The Trump Insurrection of Jan. 6 was not the much-anticipated QAnon “Storm.” Neither did the Qpocalypse happen on Wednesday. Donald Trump left town, left his cult in the lurch, and Q-drops prophesying that Joe Biden would never take office were a bust. There was no eleventh-hour deus ex machina. What’s an internet cultist to do?
Eric Lutz reminds Vanity Fair readers how another busted end-times prophesy played out.
Harold Camping predicted the Rapture would occur on May 21, 2011. The faithful prepared. One true believer put his life savings into posters in New York subways warning the end was coming. It didn’t:
“I think I was part of a cult,” one regretful former follower of the late Camping said, a year after the world didn’t end.
Now it is QAnon’s turn.
“I’m about to puke,” one QAnon devotee posted online as these events unfolded, according to the Daily Beast. “I feel stupid,” wrote another.
Some of the faithful will engage in what I call the “well-uh, well-uhs” to explain why the magic did not work as promised. Others who did not throw up threw in the towel:
Some, rather than accept that fact, tried to spin new theories to explain why the Storm hadn’t come. Maybe it was all part of Trump’s plan. Maybe Biden was even “part of the plan,” as some suggested, according to the Washington Post. But others appeared to resign themselves to the fact that what they’d believed would never happen. “Wake up,” one Q follower wrote in a chatroom, according to the Times. “We’ve been had.” Ron Watkins, a prominent figure in the QAnon movement who has been rumored to be Q himself, more or less seemed to acknowledge as much on Wednesday, suggesting that others in the community “go back to our lives as best as we are able,” and “remember all the friends and happy memories” they’d made.

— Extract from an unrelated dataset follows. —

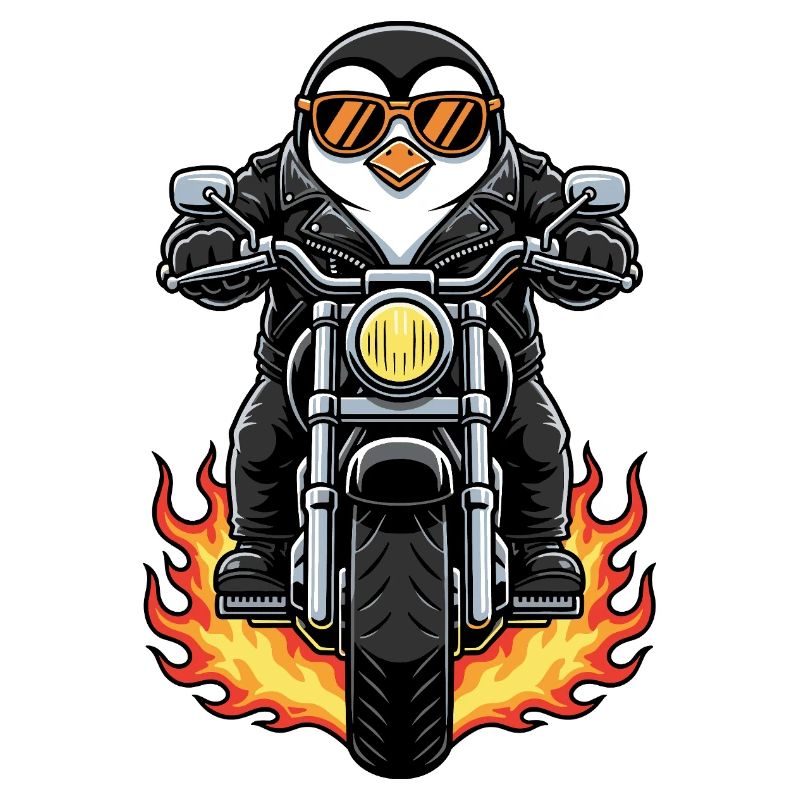 Cool Biker Penguin Motorcycle Flames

At least we’ll have Washington is Watkins’s upbeat message for those who don’t face prison.
The Washington Post offers in its postmortem:
Graham Brookie, director of the Atlantic Council’s Digital Forensic Research Lab, which tracks misinformation, said QAnon followers are making increasingly illogical leaps as they struggle to make sense of developments.

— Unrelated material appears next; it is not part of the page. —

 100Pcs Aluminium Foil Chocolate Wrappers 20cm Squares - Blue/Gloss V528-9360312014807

“It’s something that has long been true of conspiracy theories: When they don’t come to fruition, they shift their delusions to the next thing,” he said. He noted how some comments posted below Trump’s farewell video suggested that “it wasn’t quite time for the Great Awakening, but it’s coming soon and this is how.”
One aspect that has not received as much ink is that QAnon has an international following, one that may not evaporate with the Trump presidency. Germany and Japan have “particularly strong and growing” QAnon followings.
Researchers also speculate that QAnon’s militarized core may yet prove a real threat.
“History has taught us far-right movements don’t cool off during a Democratic administration,” researcher Travis View tells the Post. “The people who stick with it are going to become even more radicalized and potentially more dangerous.”
One more Trump legacy Joe Biden does not need on his plate, and one more thing for you to worry about when finally you get to eat out again at your neighborhood pizzeria.
Don’t sit with your back to the door.